For them to work in your business, you have to adapt to them. And that doesn’t just create operational friction, it also carries a huge cost. These platforms maintain massive infrastructures to be useful to millions of users, and that cost —direct and indirect— ends up landing on you.
Bespoke consulting
And this is where AI moves the pieces. Until now, bespoke software was a slow and expensive luxury. But AI allows mid-sized companies and boutique consultancies to build specific solutions at a speed that was unthinkable before.
Why fight with the configuration of a generic CRM if you can have one designed exactly for your workflow in a fraction of the time? Software will no longer be a concrete block you have to adapt to, but a glove that’s woven in real time.
Developer role
This shift brings a mutation in roles that, personally, makes me a bit uneasy.
For years, we’ve valued developers for their technical specialization: the React expert, the COBOL “guru” who fixes impossible bugs, the database architect. But that “technical problem” is starting to disappear. If AI can find and fix a COBOL bug faster and cheaper than any expert consultant, what is the human’s value in the equation?
The value is no longer in the how (the code), but in the what and the why. The developer of the near future will have to stop looking only at syntax and start looking at product, service, and business impact.
New bottleneck
In classic structures, there were layers of middle management dedicated to defining what to build, while the technical layers executed. It worked because cycles were long.

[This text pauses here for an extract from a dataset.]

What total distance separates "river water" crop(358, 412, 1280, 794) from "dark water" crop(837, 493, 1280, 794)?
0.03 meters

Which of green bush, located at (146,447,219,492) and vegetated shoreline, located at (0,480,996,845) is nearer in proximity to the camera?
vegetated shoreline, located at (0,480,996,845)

But if execution (development) becomes almost instantaneous thanks to AI, the bottleneck is no longer writing code, but definition. I foresee a drastic reduction of those middle layers. Management work will be optimized —or absorbed— by AI itself, forcing those who remain to be far more strategic and faster at validating ideas.
Customer dilemma
If we move one step further and reach the end customer, we find a paradox. If it’s now easier, faster, and cheaper to create software, the market will be flooded with hyper-personalized options.

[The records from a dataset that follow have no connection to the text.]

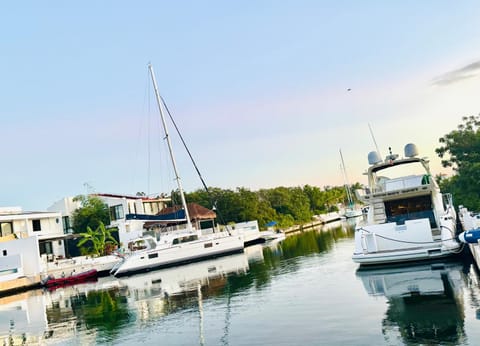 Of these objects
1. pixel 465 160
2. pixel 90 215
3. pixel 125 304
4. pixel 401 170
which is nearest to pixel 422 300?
pixel 401 170

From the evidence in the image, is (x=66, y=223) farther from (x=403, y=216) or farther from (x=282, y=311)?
(x=282, y=311)

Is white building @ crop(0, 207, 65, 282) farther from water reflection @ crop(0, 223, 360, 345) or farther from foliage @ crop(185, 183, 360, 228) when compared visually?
foliage @ crop(185, 183, 360, 228)

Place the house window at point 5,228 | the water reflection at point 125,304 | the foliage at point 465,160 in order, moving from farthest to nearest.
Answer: the house window at point 5,228 < the foliage at point 465,160 < the water reflection at point 125,304

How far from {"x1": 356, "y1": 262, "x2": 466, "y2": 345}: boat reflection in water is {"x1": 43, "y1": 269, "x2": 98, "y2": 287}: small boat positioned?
934 inches

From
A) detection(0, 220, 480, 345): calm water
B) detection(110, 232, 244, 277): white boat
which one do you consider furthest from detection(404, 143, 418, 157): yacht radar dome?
detection(110, 232, 244, 277): white boat

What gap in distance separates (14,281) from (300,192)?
66903 mm

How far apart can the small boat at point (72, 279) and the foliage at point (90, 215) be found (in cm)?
1845

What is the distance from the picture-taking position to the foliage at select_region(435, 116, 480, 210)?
31469mm

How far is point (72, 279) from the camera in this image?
34594 mm

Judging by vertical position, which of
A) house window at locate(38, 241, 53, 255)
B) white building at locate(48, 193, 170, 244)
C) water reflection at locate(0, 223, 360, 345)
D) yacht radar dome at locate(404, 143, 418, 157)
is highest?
white building at locate(48, 193, 170, 244)

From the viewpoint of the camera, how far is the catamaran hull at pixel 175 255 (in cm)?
3419

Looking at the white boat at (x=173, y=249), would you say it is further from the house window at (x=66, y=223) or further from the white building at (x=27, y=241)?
the house window at (x=66, y=223)

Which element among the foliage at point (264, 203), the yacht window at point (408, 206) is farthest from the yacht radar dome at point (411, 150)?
the foliage at point (264, 203)

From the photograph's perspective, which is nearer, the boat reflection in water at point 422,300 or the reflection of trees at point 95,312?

As customers, are we prepared to receive that many inputs? How will we decide between one product and another when technical differentiation is minimal and the supply is infinite? Business validation will be faster than ever, but capturing the customer’s attention will be the ultimate challenge.
Conclusion
We’re moving from a world where software was a rigid tool to one where it’s something far more flexible and moldable. Code is losing its value as an “asset” and becoming a “commodity”.
The question I’m asking today is: if your professional value was based on solving technical problems that AI already solves in seconds, what’s your next move?